/Taris

Transformer-based online speech recognition system with TensorFlow 2

Primary LanguagePythonMozilla Public License 2.0MPL-2.0

Taris

Transformer-based online speech recognition system with TensorFlow 2

About

Taris is an approach to online speech recognition described in [1]. The system dynamically segments a spoken sentence by learning to count the number of spoken words therein. Decoding is conditioned on a dynamic window of segments, instead of an entire utterance as in the original sequence to sequence architecture.

This repository also maintains the audio-visual alignment and fusion strategy AV Align [2,3] currently implemented with the Transformer stacks instead of the original recurrent networks [4]

Overview

To decode online, Taris learns to count the number of words in a spoken sentence. As we show in [1], this task facilitates the partitioning of the speech input into segments that can be decoded eagerly. However, a longer context is needed in order to match the accuracy of an offline system.

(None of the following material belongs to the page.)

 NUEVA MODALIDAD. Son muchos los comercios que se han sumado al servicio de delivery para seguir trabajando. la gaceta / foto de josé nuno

The figure below illustrates an example where the decoder uses two look-back and look-ahead segments to condition all the characters within a given word in the output modality.

diagram

Once all the characters in decision are processed and the system predicts a blank space token, the attention distribution advances by one more segment, and is used in computing audio context vectors for every character in the next word away.

diagram

How to use

Launch scripts

The script run_audio.py launches audio-only experiments.
Relevant system flags are:

  • --architecture (default: transformer)
  • --transformer_online_encoder (default: False)
  • --transformer_encoder_lookahead (default: 11)
  • --transformer_encoder_lookback (default: 11)
  • --transformer_online_decoder (default: False)
  • --transformer_decoder_lookahead (default: 5)
  • --transformer_decoder_lookback (default: 5)

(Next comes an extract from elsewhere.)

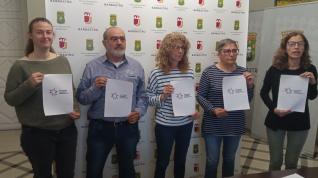 Pilar Garcés, Ramón Campo, Marisol Cancer, María José Carpi y Olga Rafel. partido izquierda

The script run_audiovisual.py launches audio-visual experiments implementing the AV Align strategy with a Transformer, reproducing the work in [4, 5]. By default, the Action Unit regularisation loss, controlled by the --au_loss flag, is set to False. Please ensure that --architecture=av_transformer.

Data preparation

Our published articles used the legacy avsr-tf1 project for data preparation.
The most notable change in Taris is the audio spectrogram processing with librosa as opposed to the native TensorFlow signal processing API. Therefore, this repository provides experimental support only, and has not been validated thoroughly.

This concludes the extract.